How This Book Can Help You
For young people near Glace Bay, Nova Scotia considering careers in healthcare, this book offers a vision of medicine that recruitment brochures never show: a profession where the most profound moments aren't the technological triumphs but the human encounters—the dying patient who smiles, the empty room that isn't empty, the moment when the physician realizes that their patient is teaching them something medical school never covered.


About the Author
Dr. Scott J. Kolbaba, MD is an internist at Northwestern Medicine. Mayo Clinic trained, he spent three years interviewing 200+ physicians about their most extraordinary experiences.
Medical Fact
A phenomenon called "visitation dreams" — vivid dreams of the deceased that feel qualitatively different from normal dreams — is reported by 60% of bereaved individuals.
Free Interactive Wellness Tools
Explore our physician-designed assessment tools — free, private, and educational.
Neighborhoods in Glace Bay
These physician stories resonate in every corner of Glace Bay. The themes of healing, hope, and the unexplained connect to communities throughout the area.

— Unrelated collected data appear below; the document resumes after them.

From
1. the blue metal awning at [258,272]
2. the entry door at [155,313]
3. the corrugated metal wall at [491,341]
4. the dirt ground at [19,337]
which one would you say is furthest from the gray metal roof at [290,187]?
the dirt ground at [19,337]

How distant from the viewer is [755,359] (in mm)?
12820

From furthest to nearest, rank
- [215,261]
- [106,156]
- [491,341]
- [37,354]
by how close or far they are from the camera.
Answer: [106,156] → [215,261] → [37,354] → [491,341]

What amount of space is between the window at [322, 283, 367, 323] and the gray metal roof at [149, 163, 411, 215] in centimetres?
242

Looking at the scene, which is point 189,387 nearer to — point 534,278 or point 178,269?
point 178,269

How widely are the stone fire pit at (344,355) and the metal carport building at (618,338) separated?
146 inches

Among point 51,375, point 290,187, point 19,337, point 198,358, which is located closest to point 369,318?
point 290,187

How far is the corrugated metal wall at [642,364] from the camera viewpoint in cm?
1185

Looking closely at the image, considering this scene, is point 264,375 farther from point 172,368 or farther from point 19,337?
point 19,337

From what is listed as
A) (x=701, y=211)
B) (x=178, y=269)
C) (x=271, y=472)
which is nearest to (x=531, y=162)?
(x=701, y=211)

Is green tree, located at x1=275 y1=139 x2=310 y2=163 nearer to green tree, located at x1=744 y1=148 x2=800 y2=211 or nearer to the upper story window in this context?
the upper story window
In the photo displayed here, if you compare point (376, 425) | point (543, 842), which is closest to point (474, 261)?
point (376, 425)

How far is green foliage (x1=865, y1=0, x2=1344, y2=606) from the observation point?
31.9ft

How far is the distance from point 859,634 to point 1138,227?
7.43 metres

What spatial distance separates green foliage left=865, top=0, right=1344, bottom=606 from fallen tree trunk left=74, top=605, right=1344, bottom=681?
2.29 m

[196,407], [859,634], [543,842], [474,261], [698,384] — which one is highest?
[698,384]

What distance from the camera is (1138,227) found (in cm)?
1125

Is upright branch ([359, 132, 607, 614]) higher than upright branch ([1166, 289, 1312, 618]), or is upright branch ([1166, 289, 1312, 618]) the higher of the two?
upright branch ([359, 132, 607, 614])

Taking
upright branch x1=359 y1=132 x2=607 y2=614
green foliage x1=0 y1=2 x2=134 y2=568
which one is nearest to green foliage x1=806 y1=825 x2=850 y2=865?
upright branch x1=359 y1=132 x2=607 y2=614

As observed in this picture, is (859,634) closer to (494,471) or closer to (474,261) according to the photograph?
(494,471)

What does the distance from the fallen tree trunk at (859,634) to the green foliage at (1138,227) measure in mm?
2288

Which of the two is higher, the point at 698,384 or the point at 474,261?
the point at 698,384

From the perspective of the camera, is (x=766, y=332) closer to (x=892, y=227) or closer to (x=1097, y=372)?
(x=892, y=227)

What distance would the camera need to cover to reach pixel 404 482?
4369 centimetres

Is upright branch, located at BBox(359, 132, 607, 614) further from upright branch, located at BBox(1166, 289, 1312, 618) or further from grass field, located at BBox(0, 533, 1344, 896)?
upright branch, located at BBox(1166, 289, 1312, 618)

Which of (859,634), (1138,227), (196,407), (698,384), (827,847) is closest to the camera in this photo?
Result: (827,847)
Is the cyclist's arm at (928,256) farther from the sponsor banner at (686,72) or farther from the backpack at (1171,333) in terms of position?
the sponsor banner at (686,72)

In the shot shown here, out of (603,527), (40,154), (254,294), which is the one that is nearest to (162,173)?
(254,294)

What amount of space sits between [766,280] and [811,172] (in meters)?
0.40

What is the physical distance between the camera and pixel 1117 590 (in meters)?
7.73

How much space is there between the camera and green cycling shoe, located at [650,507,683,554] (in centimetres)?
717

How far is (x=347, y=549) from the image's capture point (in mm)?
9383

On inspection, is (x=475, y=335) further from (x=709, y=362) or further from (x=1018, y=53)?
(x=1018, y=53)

Explore Nearby Cities in Nova Scotia
Physicians across Nova Scotia carry extraordinary stories. Explore these nearby communities.
Popular Cities in Canada
Explore Stories in Other Countries
These physician stories transcend borders. Discover accounts from medical communities around the world.
Related Reading
Do you believe near-death experiences are evidence of consciousness beyond the brain?
Dr. Kolbaba interviewed physicians who witnessed patients describe verifiable events while clinically dead.
Your vote is anonymized and stored locally on your device.
Related Physician Story
Frequently Asked Questions

Ready to Discover the Stories Medicine Never Says Out Loud?
Physicians' Untold Stories by Scott J. Kolbaba, MD — 4.3 stars from 1018 readers. Available on Amazon in paperback and Kindle.
Order on Amazon →Explore physician stories, medical history, and the unexplained in Glace Bay, Canada.